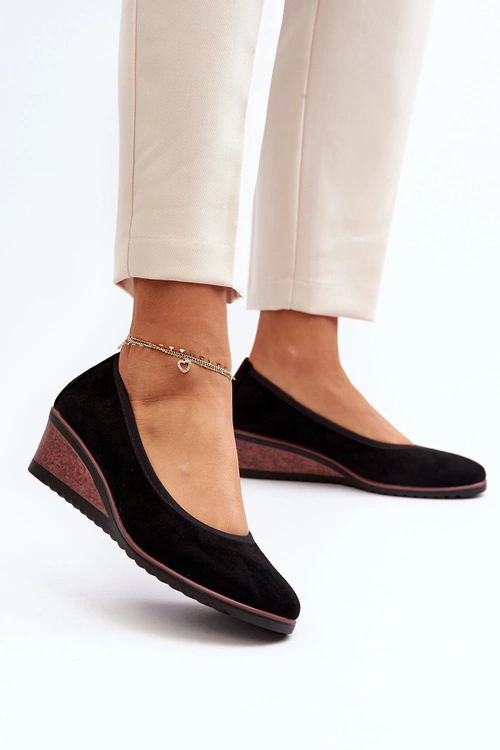 Damskie Półbuty Na Koturnie Czarne Belli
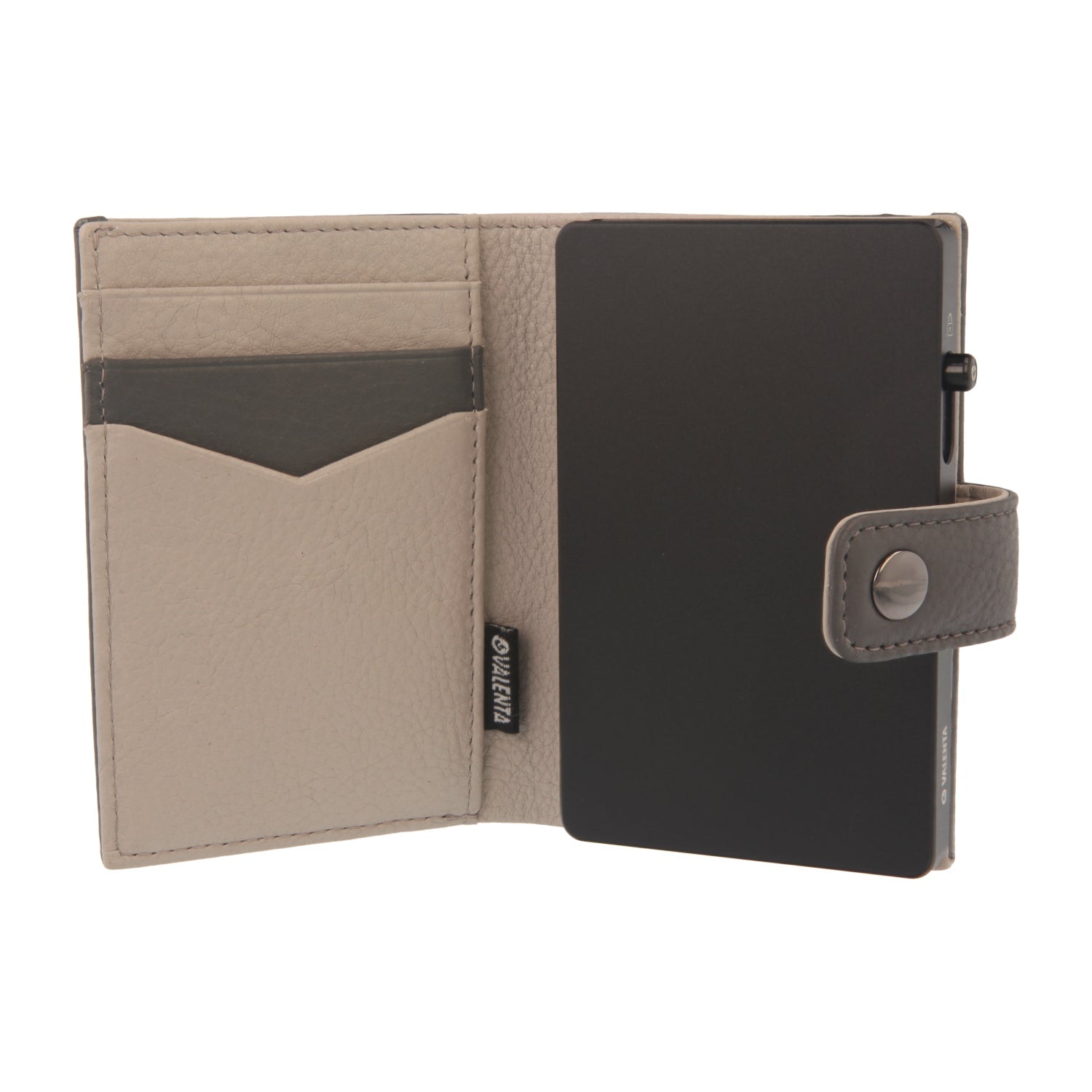 Valenta Mix & MagSafe 2 in 1 bundle with black aluminium card holder and grey leather wallet luxe, front view with opened wallet.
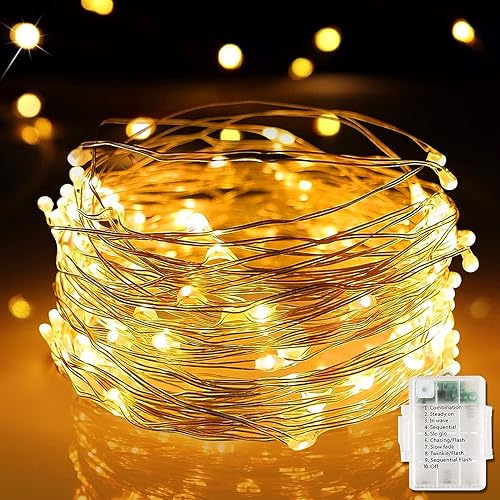 Knayis 60LED 6M/19FT Battery Fairy Lights,8 Mode Copper Wire Fairy Lights Battery Operated, Battery String Lights Waterproof for Indoor/Outdoor, Bedroom Wedding Party Christmas Tree Decor(Warm White)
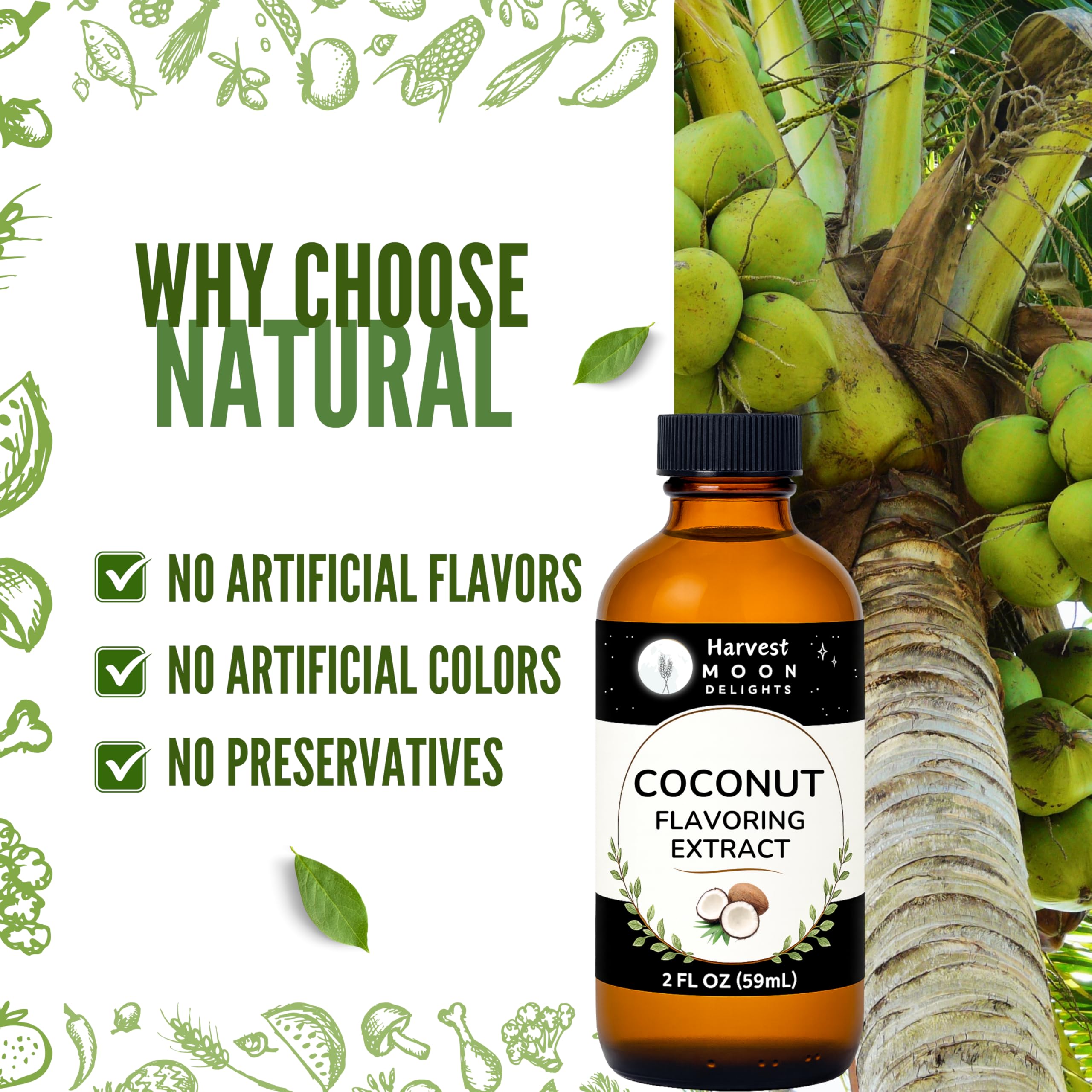 Harvest Moon Delights coconut extract in desserts highlights creamy tropical notes.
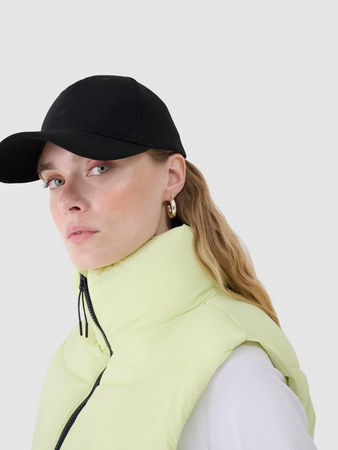 Bezrękawnik puchowy cropped z wypełnieniem syntetycznym damski 4F 4FWSS25TVJAF182-45S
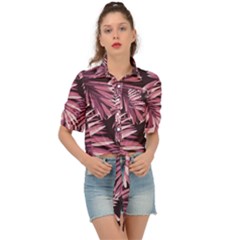 Rose Leaves Tie Front Shirt  by goljakoff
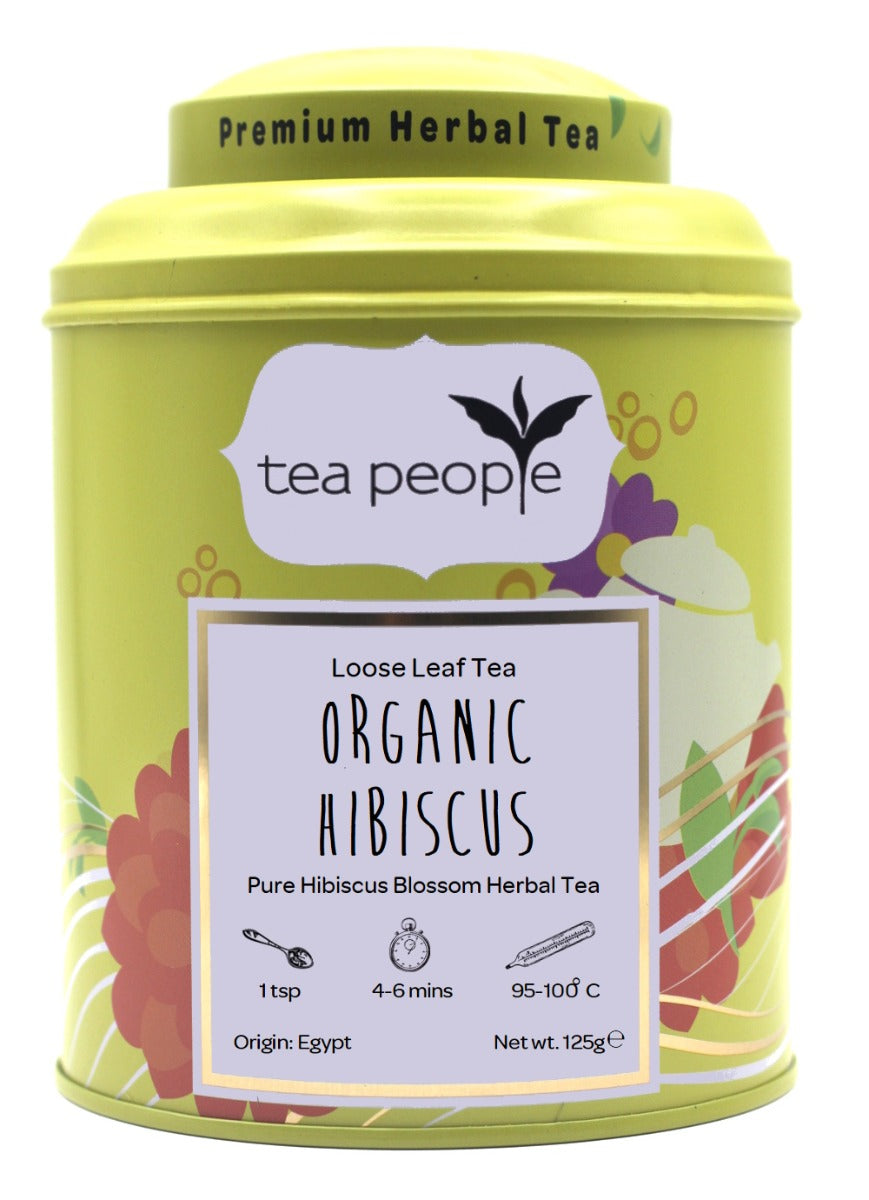Organic Hibiscus - Loose Herbal Tea - 125g Tin Caddy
□ □ □
◆ Your objective ◆
Ignore the images and quote every line of the listing exactly.

◆ Result of this exercise ◆
 Damskie Półbuty Na Koturnie Czarne Belli
 Valenta Mix & MagSafe 2 in 1 bundle with black aluminium card holder and grey leather wallet luxe, front view with opened wallet.
 Knayis 60LED 6M/19FT Battery Fairy Lights,8 Mode Copper Wire Fairy Lights Battery Operated, Battery String Lights Waterproof for Indoor/Outdoor, Bedroom Wedding Party Christmas Tree Decor(Warm White)
 Harvest Moon Delights coconut extract in desserts highlights creamy tropical notes.
 Bezrękawnik puchowy cropped z wypełnieniem syntetycznym damski 4F 4FWSS25TVJAF182-45S
 Rose Leaves Tie Front Shirt  by goljakoff
Organic Hibiscus - Loose Herbal Tea - 125g Tin Caddy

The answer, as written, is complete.